In this section, we will talk about some fundamental features of the Python language, including basic **data types, flow control, and mathematical operations**. Generally, these are also key aspects to quickly understand a programming langugage and its difference with other langugages. Some delicacies in the fundamentals might also lead to common bugs in your analyses.

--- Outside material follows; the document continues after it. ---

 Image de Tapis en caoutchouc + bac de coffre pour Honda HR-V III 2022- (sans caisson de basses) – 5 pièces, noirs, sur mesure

Currently, the majority of the science community uses Python 3 although you might encounter legacy codes written in Python 2 in your own research. Sometimes, you will run into errors when running Python 2 codes with Python 3 because there are several key changes in Python 3, such as:

* `print` is a function
* Integer division returns a float 
* Unicode is used for encoding code
* ...

**1.1. Numbers and Math**

Numbers further include integers and floats (real numbers), which are stored differently in computer memory and might show different behaviors under mathematical and other operations.



In [None]:
# comments are anything that comes after the "#" symbol
a_int = 1 # assign an integer 1 to a_int
a_float = 1. # assign a float 1 to a_float

# python also support multiple destination variables when assigning values
a_int, a_float = 1 , 1.

# check their types
print(type(a_int))
print(type(a_float))

Basic mathematical operations in python includes arithmetic and boolean logic.

In [None]:
# addition / subtraction / multiplication / division

print(1 + 1 - 2 * 3 / 5)


Note that the results is a float although we only used integer. This is because **division in Python 3 by default returns a float**, while some other languages (e.g. C/Fortran) will truncate the fractions and return an integer, which can lead to bugs in your analysis

In [None]:
## exponentiation

print (2**10)
print (2**0.5)

## rounding

print(round(2**0.5, 4))

# modulo operation

print(12 % 7)   # get the modulus
print(12 // 7)  # get the integer



In [None]:
# Logic and Boolean and relational operator

is_weekday = True
is_snow = False

print(is_weekday and is_snow)
print(is_weekday or is_snow)
print(not (is_weekday and is_snow))
print((not is_weekday) and is_snow) # try to use parenthesis whenever possible to improve readability

In [None]:
# comparison of number values

a = 5

print(a > 1)
print(a < 10.)
print(a == 5)  # equal
print(a != 5)  # not equal

Try to avoid using `==` or `!=` for floats because there could be **numerical errors** after complex mathematical operations.

In [None]:
# a simple example for numerical errors

b = (5 ** 0.0001) ** 10000
print(b)
print(a == b)


# instead compare whether the difference is small enough
abs_tol = 1e-8 # another way to define floats using scientific notation
print(abs(a - b) < abs_tol) # abs() returns the absolute value


**1.2 Strings**

Python has powerful supports for string operations that can comes very handy for dealing with text/character-based data (e.g. species names, genome sequences, qualitative data).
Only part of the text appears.